The Computer Club is going on a field trip to a computer museum. The trip costs $240, to be paid for equally by each club member. The day before the trip, however, four students decide not to go. This increases the cost of the trip by$2 for each remaining student. How many students are going to the computer museum?
• May 29th 2008, 07:40 PM
TheEmptySet
Quote:

Originally Posted by jasmine7
I really need help....
Could anyone explain how to do the problem because my math teacher didn't even explain how to do this kind of problem at school.

The Computer Club is going on a field trip to a computer museum. The trip costs $240, to be paid for equally by each club member. The day before the trip, however, four students decide not to go. This increases the cost of the trip by$2 for each remaining student. How many students are going to the computer museum?

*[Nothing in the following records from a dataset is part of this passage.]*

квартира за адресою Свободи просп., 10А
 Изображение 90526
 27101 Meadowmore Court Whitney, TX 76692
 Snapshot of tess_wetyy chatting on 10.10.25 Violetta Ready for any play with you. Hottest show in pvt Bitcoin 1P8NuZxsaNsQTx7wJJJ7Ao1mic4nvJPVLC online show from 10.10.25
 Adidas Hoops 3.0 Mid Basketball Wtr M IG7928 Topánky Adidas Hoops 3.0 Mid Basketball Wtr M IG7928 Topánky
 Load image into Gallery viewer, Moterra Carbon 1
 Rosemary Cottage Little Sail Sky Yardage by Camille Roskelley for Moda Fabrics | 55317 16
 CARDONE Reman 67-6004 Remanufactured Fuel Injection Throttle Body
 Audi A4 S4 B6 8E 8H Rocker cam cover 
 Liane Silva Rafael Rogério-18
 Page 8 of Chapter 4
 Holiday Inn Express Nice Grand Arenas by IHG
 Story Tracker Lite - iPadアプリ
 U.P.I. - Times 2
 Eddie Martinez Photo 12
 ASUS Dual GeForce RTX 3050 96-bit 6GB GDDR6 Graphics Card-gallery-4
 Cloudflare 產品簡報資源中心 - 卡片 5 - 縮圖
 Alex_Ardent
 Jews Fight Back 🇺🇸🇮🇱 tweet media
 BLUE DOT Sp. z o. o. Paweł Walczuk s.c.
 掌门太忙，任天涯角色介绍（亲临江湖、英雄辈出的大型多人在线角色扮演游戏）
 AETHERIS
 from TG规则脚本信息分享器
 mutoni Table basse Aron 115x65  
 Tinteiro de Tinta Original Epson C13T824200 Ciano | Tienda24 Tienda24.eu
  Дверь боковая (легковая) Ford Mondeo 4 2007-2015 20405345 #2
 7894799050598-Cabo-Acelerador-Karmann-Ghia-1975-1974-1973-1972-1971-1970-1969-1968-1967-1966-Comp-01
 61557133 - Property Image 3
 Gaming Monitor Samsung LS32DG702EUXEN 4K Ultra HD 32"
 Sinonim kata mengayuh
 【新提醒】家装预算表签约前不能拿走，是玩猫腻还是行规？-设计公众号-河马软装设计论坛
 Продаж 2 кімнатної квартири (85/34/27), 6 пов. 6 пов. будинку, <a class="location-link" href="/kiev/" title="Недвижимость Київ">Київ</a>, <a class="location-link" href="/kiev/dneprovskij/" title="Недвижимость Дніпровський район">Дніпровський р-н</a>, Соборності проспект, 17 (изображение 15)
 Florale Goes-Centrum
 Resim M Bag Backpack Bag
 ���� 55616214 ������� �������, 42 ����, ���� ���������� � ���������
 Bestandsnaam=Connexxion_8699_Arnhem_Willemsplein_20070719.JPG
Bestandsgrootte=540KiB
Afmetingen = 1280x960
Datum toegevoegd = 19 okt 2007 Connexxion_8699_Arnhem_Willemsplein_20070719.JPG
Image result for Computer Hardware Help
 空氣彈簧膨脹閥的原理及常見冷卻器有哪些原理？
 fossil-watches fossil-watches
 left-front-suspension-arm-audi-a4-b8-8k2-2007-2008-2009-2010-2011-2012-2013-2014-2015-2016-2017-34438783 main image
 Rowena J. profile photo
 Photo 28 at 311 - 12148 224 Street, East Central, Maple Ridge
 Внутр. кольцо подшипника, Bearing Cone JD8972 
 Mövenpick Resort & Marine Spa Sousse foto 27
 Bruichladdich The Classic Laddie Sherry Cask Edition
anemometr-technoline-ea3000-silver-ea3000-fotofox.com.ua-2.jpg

Let S be the number of students going on the trip, and let C be the cost per student.

So then we can get one equation

$S\cdot C=240$

Now we can use the rest of the info to write another equation

we know that four less students are going so thats S-4 and that it will cost two dollars more per student C+2 and this still needs to equal the cost of the trip. So we get

$(S-4)(C+2)=240 \iff SC +2S-4C-8=240$

Now we can isolate a variable from the first equation to get

$S=\frac{240}{C}$ and sub this into the 2nd equationt to get

$\frac{240}{C}\cdot C +2\cdot \frac{240}{C}-4C-8=240$

Reducing gives

$240 + \frac{480}{C}-4C=248$

Now multiply the equation by C to clear the fractions and get

$240C+480-4C^2=248C \iff 0=4C^2+8C-480$

$0=4[C^2+2C-120] \iff 0=4(C-10)(C+12)$

So C is 10 or -12 Since the cost shouldn't be negative. I wish someone would pay me to go to a museum :D C is 10. Plugging back into the first equation we get S=24.

I hope this helps. Good luck.

(Rock)